METS 2021 – Trend Marine Drives: Old is the new – New and electric only with range!

Our debut at the world’s largest trade fair for marine equipment #METS 2021 was a great success and at the same time very enlightening for us. Although the trade fair was not as large as in previous years due to the pandemic, we were still able to make numerous international contacts with dealers, manufacturers and industry experts and to exchange ideas about the future and cooperation.

We used the trade fair to premiere the world’s smallest inboard engine. Two ready-to-install versions of our 15 hp marine engine for sporting and sailing boats were part of the show: the ARENS RVI SAIL (with sail drive) and the ARENS RVI SHAFT (for shaft drive). We were pleased about the great interest and very positive feedback from the industry professionals. Occasionally there was incredulous amazement at the ultra-compact packaging. This is perhaps due to the fact that the inboards available today weigh more than twice as much for the same power and are considerably larger. After all, most of the widely established diesel engines are marinised derivatives from the field of construction machinery or motor vehicles.
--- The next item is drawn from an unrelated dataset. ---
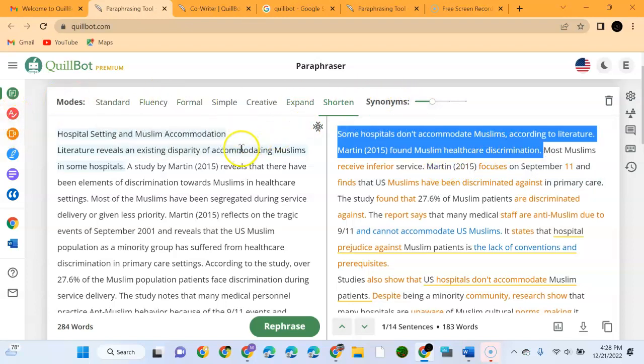That is the model I really wanted to engage in - the Paraphrase model of QuillBot Premium. Ensure you subscribe to my YouTube channel Lifestyle Tutorials. Thank you for staying and sticking with me. Thank you.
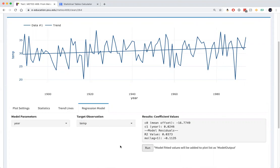And that gives us two things. First of all, it tells us the autocorrelation in the residuals, which as we can see, is pretty small. It's this value down here. It's minus 0.11.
We learned from dealers and shipyards that it is increasingly difficult or even impossible to replace old drives in many second-hand boats. The dilemma: many of these boats were built for small built-in engines that are no longer produced today. The extent of the problem can be surmised from a study published by the Bundesverband Wassersportwirtschaft (BVWW e.V.) in 2010. This study established that in Germany alone 77 % of boat owners buy their boat second-hand and only 23 % go for a new one. In short: the market lacks compactly built new engines that are usually reliable and meet the increasing environmental requirements. That meant there was great interest in our engines. In addition to their small dimensions, they offer a number of other advantages: minimal maintenance, very low fuel and lubricant consumption, no changing of oil, no valve adjustments, simple and quick installation, closed fuel system, operation in any inclined position, conversion to green fuels possible, integration into on-board networks via CAN bus, hardly any vibrations (boxer principle) and possibility of Smartphone connection via Bluetooth.

One could not fail to notice the focus on electrified solutions in the drive sector. From small drives in the single-digit kW range to oversized electric outboards with more than 100 kW output, there was a spectrum of products worth seeing. In the case of fully electric units with greater power, visitors were able to admire the correspondingly large and valuable battery storage systems, at least in part as mock-ups. This raised the question of the amount of space and weight that skippers will give to a battery system on board in the future. The answer surely lies in a sensible compromise between drive power, space requirements, range and costs. In order to prevent boats from mutating into floating batteries, some manufacturers presented cleverly designed partial-electric drives. The most common solution was an electric generator coupled to the drive shaft of a heat engine and used to charge the batteries of the e-drive. Other solutions went a step further and suggested hybrid drives in which the heat engine can also be engaged as a direct drive when the batteries are exhausted.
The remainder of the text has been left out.